収納後はバッグを軽く振り、ファスナーが開かないか、荷物が大きく動かないかを確認します。面倒に感じるかもしれませんが、数秒の確認がトラブル防止につながります。
汗や雨から財布を守る
ジャージのポケットへ入れる場合、財布を防水ポーチやジッパー付き袋に入れてから収納すると安心です。汗が多い季節は、財布だけでなくスマートフォンやカード類にも水分対策をしておきたいですね。
防水仕様のサイクリングウォレットを選ぶ方法もあります。現金やカードに加えて、スマートフォンまで収納できるタイプなら、持ち物を一つにまとめられます。
ただし、ケースのサイズは必ず確認してください。

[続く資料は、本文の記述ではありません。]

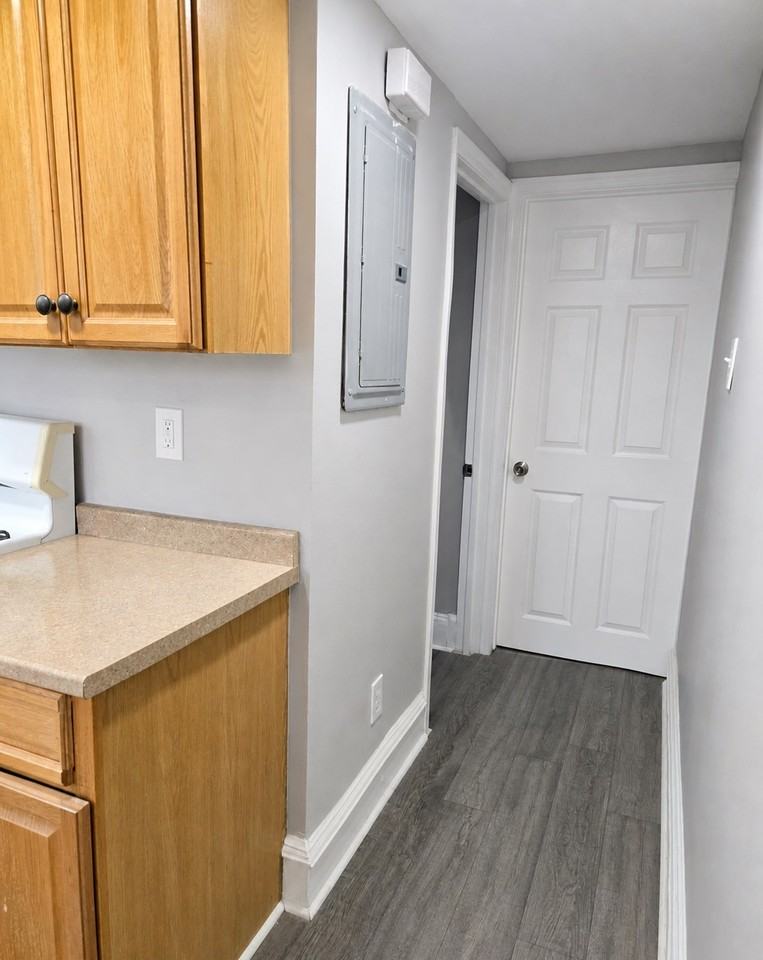 4933 N Camac St #3 - Photo 3 of 11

スマートフォンの画面サイズだけでなく、厚みやケースを装着した状態で入るかまで見ておくと、購入後の失敗を減らせます。
サイクリングの財布収納でよくある質問
財布を持たずに現金だけ持っていくのはありですか?
近所を短時間走るだけなら、少額の現金と決済用カードだけを持っていく方法もあります。財布本体を持たない分、荷物はかなり軽くなります。
ただし、身分証明書や緊急連絡先が必要になる場合もあります。すべてを省くのではなく、薄いカードケースや小型ポーチにまとめておくと安心です。
スマートフォンと財布は分けたほうがよいですか?
基本的には、分けて収納するほうが傷や圧迫を防ぎやすくなります。特に鍵や硬貨とスマートフォンを同じ場所に入れると、画面や本体に傷がつくことがあります。

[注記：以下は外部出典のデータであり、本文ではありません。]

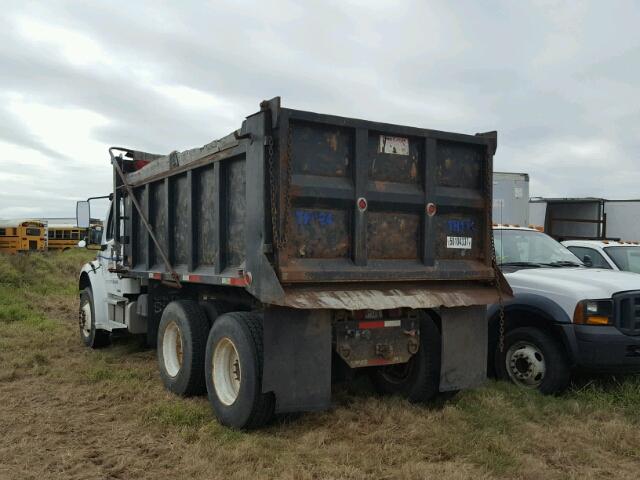 1FVHCYCS24HM85744 - 2004 FREIGHTLINER M2 106 MED WHITE photo 3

一方で、スマートフォンと財布を一緒に収納できるサイクリングウォレットもあります。仕切りがあるか、内部で動かないかを確認できれば、荷物を減らす目的では便利な選択肢です。
ズボンのポケットに財布を入れても大丈夫ですか?
短い距離で、ゆったりした姿勢の自転車に乗る程度なら使えない方法ではありません。ただ、前傾姿勢では財布が体に当たりやすく、汗で濡れたり、乗り降りの際に落としたりする心配があります。
使う場合は、ファスナー付きのポケットを選び、財布を薄いものにしましょう。長距離や本格的なサイクリングでは、バッグやジャージのファスナーポケットのほうが快適です。
サイクリングの財布は「必要最小限+固定」が正解
迷ったら収納場所をこう選ぶ
短時間の街乗りなら、ファスナー付きのサイクルジャージポケット。財布以外の荷物も持つならサドルバッグ、走行中の出し入れを重視するならトップチューブバッグが使いやすいでしょう。

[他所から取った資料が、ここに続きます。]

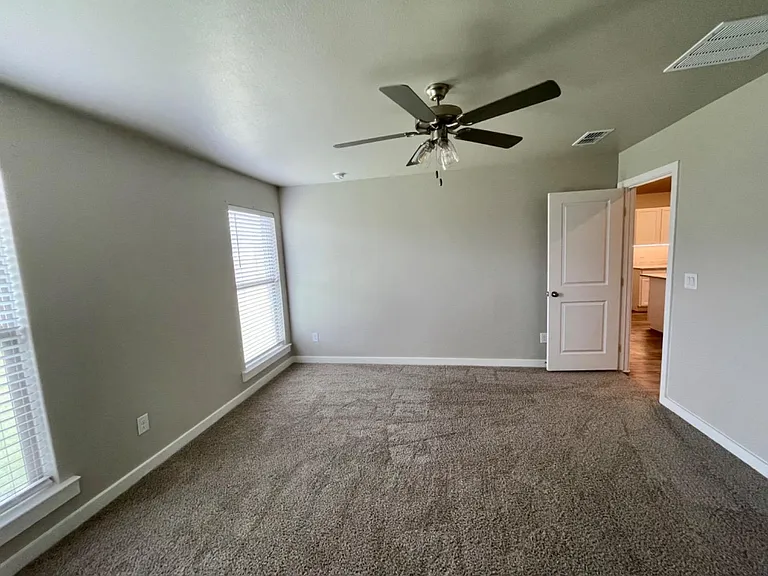 13706 Avenue R — Photo 14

普段着で走ることが多い人は、バッグを一つ用意しておくと収納に悩みにくくなります。逆に、荷物を極限まで減らしたい人は、薄型のサイクリングウォレットが向いています。
出発前の確認を習慣にする
財布の中身を必要なものだけに絞り、防水対策をして、ファスナーや固定具を確認する。この流れを習慣にすれば、落下や水濡れのリスクは抑えられます。
サイクリングで財布をどこに入れるかに、唯一の正解があるわけではありません。走る距離、服装、立ち寄り先、持ち物の量に合わせて、無理なく続けられる収納方法を選んでくださいね。